Overly-cautious consumers may stop spending to prepare for the hit, leaving luxury marketers with over-stocked stores and empty cash registers.

“The fact that nobody needs luxury means that it is the first place people can cut back,” Ms. Danziger said.

“Based upon our read of the luxury consumers’ confidence, which took a really strong dip in the third quarter, we expect spending on luxury to be off over the next months,” she said.

Haves and have lots
Since it is likely that the fickle economy will scare customers into safe spending, luxury brands need to work extra hard on holding on to the customers they already have.

“It will affect the luxury market somewhat, but what is important to note is whether or not it is fair, the world has bifurcated into two sections – one that is more affluent and one that is mainstream,” Luxury Institute’s Mr. Pedraza said.

“The very wealthy world is having a pretty good run,” he said. “The luxury market is not immune, but it is resilient and its customers will still demand luxury at a very fast pace.”

While all sectors will be affected, some will be more than others.

For instance, jewelry and watches may suffer more than apparel and handbags because they are less necessary. Travel will most likely remain resilient and gadgets will continue to boom through the entire process, per Mr. Pedraza.

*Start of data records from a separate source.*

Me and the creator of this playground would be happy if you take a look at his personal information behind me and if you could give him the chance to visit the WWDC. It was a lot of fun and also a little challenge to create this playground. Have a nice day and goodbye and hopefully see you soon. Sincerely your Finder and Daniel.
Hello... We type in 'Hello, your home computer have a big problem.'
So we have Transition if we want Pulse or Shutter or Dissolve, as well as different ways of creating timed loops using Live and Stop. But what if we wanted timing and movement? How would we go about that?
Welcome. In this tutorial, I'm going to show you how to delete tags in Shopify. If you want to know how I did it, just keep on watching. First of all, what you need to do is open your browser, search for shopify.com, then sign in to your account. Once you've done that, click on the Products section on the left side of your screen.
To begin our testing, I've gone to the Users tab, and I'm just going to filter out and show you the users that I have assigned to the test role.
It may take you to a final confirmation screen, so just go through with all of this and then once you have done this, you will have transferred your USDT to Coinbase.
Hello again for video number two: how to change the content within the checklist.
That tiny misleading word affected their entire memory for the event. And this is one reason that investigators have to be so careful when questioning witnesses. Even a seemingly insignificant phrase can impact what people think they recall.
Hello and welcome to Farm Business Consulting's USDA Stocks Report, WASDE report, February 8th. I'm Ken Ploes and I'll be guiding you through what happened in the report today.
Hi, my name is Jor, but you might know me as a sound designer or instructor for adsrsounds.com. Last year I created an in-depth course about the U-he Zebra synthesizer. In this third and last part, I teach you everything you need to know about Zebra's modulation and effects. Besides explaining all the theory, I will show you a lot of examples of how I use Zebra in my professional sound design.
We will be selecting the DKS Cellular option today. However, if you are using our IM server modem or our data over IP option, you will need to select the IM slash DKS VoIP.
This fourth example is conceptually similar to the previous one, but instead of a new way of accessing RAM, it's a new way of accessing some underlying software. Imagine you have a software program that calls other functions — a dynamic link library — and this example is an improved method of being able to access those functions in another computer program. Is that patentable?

However, experts believe that the damage will be minimal compared to what it could be.

“The brands that have the best chances are those with diversified lines,” Mr. Pedraza said. “If you sell fragrances, jewelry, apparel, skincare and makeup, you shouldn’t have any problem holding onto consumers.

“With the full range of products, you can cross- and upsell customers into all categories,” he said.